(Input data)
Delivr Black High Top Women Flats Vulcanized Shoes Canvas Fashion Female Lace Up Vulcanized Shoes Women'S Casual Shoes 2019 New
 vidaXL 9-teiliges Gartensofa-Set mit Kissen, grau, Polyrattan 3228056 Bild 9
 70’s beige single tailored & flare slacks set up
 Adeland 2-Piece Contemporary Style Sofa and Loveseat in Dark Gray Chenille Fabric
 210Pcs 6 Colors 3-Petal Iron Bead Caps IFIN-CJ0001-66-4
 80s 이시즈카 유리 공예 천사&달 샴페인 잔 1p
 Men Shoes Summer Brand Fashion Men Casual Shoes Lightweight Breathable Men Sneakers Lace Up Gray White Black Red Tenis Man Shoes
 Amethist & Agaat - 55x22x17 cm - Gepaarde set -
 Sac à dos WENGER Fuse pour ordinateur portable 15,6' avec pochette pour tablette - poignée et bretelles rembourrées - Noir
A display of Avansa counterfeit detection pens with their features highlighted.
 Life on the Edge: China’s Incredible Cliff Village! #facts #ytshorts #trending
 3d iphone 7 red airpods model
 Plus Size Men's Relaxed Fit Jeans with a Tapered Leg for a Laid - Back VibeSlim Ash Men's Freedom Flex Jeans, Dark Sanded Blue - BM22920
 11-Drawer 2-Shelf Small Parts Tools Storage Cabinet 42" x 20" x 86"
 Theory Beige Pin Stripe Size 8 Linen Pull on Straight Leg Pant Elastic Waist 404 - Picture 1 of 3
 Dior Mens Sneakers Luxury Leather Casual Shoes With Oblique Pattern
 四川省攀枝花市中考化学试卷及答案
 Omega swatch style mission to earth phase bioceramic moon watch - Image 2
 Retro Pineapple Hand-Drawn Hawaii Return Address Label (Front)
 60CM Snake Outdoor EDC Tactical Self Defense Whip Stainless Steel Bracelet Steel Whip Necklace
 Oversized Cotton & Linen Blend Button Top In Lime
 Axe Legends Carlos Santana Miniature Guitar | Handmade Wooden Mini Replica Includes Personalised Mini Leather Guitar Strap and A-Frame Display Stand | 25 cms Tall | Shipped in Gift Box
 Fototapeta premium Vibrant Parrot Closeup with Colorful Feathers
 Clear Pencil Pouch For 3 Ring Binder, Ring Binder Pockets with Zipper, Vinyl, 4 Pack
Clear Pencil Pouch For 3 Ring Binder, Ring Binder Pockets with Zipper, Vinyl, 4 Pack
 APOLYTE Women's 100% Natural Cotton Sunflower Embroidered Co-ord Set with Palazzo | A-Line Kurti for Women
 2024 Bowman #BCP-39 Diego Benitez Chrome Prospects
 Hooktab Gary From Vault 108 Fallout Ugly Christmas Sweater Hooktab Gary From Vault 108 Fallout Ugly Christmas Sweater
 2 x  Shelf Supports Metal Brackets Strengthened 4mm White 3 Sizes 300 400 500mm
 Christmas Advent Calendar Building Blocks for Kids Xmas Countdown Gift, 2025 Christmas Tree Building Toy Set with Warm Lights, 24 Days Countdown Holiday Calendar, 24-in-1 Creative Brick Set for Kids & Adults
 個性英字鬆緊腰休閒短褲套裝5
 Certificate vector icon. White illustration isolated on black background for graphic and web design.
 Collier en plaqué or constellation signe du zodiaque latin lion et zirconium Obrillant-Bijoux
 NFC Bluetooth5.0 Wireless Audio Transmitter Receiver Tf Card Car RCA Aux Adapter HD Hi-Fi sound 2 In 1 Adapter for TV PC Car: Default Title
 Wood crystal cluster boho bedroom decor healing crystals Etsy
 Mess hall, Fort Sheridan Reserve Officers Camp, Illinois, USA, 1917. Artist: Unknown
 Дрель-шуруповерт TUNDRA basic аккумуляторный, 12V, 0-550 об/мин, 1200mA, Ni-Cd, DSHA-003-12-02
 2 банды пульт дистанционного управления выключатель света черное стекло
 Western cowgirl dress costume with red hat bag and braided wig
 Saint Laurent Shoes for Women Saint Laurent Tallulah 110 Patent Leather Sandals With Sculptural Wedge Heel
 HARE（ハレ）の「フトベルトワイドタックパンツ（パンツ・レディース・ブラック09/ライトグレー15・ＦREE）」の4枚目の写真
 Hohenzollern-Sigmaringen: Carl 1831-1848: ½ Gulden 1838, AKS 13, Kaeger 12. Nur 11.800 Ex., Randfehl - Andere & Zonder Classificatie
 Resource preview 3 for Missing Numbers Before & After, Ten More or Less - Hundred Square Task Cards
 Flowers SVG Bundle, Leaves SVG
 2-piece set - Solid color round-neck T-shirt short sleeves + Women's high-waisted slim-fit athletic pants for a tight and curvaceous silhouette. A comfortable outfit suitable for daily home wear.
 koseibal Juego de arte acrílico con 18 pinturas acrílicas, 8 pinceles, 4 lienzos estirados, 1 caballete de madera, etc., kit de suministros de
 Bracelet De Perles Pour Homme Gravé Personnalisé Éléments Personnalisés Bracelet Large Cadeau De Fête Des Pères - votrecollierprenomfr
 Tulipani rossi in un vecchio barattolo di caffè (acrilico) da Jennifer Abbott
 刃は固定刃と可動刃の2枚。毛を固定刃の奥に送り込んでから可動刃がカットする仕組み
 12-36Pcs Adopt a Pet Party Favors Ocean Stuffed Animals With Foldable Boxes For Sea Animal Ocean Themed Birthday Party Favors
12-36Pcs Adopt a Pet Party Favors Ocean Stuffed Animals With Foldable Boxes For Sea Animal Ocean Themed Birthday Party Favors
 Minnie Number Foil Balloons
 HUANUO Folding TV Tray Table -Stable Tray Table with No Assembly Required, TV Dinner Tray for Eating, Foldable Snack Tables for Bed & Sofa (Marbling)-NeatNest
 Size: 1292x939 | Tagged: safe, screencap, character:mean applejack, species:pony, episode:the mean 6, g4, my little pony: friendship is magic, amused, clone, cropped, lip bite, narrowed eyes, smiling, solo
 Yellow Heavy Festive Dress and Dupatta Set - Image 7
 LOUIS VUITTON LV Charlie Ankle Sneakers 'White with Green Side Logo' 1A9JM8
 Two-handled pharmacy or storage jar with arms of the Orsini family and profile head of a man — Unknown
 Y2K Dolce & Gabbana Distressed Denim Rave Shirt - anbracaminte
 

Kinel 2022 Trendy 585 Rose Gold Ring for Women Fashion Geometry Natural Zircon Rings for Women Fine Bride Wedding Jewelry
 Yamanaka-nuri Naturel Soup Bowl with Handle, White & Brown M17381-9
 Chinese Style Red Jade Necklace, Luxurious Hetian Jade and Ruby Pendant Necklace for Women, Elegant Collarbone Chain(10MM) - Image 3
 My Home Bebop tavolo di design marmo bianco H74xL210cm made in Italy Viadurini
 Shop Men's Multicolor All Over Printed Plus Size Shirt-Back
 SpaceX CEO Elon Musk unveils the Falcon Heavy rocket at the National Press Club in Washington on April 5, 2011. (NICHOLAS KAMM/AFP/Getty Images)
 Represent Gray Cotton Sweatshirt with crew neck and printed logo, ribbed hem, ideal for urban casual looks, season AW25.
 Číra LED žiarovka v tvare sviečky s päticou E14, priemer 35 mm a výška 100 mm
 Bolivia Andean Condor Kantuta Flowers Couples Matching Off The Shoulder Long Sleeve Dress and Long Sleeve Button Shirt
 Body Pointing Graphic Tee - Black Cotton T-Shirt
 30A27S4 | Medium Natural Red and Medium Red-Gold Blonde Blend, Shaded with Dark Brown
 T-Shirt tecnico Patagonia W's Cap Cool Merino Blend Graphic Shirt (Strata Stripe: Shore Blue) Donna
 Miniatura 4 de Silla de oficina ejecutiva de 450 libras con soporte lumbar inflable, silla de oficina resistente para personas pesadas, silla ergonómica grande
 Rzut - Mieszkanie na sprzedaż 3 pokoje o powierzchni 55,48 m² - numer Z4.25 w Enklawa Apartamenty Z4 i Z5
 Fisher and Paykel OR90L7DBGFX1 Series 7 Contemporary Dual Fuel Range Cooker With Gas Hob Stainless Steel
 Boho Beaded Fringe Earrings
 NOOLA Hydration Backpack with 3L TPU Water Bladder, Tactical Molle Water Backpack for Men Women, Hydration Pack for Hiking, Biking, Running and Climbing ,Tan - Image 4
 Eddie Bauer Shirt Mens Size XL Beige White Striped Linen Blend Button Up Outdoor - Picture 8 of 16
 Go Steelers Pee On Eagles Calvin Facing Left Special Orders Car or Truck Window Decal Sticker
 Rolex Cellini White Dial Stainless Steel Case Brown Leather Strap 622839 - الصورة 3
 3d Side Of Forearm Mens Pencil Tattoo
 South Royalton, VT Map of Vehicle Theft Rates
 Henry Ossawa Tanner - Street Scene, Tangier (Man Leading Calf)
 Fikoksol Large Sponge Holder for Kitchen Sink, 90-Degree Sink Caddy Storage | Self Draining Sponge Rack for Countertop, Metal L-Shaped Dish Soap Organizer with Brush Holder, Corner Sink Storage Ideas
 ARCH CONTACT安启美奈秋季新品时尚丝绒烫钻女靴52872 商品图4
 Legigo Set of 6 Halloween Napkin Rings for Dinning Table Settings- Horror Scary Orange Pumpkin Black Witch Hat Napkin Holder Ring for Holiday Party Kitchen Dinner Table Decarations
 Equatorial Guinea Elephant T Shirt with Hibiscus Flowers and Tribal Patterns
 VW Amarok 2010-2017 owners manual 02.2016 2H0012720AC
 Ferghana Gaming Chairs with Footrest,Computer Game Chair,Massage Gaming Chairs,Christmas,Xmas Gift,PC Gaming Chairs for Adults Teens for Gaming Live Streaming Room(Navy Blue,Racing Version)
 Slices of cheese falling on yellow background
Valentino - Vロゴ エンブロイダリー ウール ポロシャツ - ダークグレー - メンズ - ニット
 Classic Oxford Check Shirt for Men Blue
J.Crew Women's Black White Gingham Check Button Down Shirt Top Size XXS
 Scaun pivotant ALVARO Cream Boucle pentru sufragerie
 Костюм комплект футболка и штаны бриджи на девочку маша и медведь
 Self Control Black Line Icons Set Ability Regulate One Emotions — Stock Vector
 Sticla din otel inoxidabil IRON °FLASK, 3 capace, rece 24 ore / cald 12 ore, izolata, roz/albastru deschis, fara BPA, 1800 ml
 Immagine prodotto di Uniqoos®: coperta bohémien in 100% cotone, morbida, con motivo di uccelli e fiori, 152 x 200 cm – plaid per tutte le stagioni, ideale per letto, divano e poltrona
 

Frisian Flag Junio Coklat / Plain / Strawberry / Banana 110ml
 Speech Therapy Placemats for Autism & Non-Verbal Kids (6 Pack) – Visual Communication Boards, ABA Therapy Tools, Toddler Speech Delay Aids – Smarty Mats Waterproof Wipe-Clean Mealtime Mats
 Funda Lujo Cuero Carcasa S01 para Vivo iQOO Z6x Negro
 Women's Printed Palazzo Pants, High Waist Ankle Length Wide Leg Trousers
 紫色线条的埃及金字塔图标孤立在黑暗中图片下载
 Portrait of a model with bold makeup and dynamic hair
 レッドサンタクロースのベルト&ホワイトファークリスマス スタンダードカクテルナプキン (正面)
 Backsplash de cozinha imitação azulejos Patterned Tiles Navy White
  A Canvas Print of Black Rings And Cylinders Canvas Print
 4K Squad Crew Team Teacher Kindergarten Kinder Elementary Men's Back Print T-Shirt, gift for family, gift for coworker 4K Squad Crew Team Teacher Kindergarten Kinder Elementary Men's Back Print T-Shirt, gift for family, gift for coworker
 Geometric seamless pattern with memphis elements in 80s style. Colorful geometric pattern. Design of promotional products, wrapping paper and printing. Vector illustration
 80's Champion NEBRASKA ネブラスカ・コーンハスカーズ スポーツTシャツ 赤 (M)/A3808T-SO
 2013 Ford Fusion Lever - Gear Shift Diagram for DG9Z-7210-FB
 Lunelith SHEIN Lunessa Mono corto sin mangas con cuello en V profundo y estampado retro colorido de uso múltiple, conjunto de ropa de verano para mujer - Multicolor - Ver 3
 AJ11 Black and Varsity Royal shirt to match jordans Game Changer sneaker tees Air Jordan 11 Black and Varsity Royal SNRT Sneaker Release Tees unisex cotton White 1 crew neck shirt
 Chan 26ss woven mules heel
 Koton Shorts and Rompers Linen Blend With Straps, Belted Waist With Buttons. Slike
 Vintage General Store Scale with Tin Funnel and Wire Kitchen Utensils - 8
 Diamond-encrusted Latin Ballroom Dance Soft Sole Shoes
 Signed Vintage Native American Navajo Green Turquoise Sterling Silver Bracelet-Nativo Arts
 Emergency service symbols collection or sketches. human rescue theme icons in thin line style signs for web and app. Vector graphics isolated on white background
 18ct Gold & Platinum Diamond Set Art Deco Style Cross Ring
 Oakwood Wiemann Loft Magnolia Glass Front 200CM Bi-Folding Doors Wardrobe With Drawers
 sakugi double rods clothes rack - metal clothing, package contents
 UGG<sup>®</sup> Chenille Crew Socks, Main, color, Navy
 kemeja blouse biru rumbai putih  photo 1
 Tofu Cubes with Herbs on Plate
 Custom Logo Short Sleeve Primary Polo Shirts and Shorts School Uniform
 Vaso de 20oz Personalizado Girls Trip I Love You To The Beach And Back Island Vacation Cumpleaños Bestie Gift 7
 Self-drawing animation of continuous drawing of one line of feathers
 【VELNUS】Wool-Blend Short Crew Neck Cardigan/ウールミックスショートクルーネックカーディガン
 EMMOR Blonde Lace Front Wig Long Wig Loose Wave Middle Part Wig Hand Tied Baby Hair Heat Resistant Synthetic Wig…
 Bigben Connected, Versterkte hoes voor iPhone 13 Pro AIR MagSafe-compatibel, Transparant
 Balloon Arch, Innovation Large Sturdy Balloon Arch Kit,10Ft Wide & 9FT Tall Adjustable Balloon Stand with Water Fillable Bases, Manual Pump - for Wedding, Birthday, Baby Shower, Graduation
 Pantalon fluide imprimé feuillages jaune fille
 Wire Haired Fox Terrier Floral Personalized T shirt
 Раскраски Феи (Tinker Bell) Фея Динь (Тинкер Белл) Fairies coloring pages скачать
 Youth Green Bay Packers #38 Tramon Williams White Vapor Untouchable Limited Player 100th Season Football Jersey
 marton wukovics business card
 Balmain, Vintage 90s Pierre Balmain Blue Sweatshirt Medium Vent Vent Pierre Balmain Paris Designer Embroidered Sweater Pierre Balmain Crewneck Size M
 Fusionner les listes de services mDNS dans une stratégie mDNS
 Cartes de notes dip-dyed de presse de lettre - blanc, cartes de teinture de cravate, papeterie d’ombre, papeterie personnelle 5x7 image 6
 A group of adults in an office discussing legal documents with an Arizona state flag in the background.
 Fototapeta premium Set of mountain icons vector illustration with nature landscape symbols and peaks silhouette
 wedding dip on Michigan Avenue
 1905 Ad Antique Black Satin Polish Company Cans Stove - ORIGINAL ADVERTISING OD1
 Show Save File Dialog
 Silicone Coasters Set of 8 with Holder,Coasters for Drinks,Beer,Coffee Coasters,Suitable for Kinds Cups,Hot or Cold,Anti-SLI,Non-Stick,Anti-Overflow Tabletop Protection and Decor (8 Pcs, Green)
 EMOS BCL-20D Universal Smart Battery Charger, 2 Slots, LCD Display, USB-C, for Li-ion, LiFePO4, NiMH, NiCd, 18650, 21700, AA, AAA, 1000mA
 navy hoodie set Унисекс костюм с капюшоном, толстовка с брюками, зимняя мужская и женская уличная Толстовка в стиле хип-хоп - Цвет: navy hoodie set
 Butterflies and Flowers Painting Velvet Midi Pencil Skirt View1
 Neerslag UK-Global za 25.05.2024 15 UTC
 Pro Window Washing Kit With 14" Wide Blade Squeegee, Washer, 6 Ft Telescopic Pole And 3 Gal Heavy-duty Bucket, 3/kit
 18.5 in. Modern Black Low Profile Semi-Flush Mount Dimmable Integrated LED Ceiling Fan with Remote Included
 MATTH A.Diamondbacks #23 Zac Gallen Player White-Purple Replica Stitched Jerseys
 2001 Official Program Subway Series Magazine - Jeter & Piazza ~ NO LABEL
(End Input data)
- **What to produce**: Copy out the range of lines above starting at the line with "紫色线条的埃及金字塔图标孤立在黑暗中图片下载" and ending at the line with "Geometric seamless pattern", exactly and including both.

- **Solution below**:
 紫色线条的埃及金字塔图标孤立在黑暗中图片下载
 Portrait of a model with bold makeup and dynamic hair
 レッドサンタクロースのベルト&ホワイトファークリスマス スタンダードカクテルナプキン (正面)
 Backsplash de cozinha imitação azulejos Patterned Tiles Navy White
  A Canvas Print of Black Rings And Cylinders Canvas Print
 4K Squad Crew Team Teacher Kindergarten Kinder Elementary Men's Back Print T-Shirt, gift for family, gift for coworker 4K Squad Crew Team Teacher Kindergarten Kinder Elementary Men's Back Print T-Shirt, gift for family, gift for coworker
 Geometric seamless pattern with memphis elements in 80s style. Colorful geometric pattern. Design of promotional products, wrapping paper and printing. Vector illustration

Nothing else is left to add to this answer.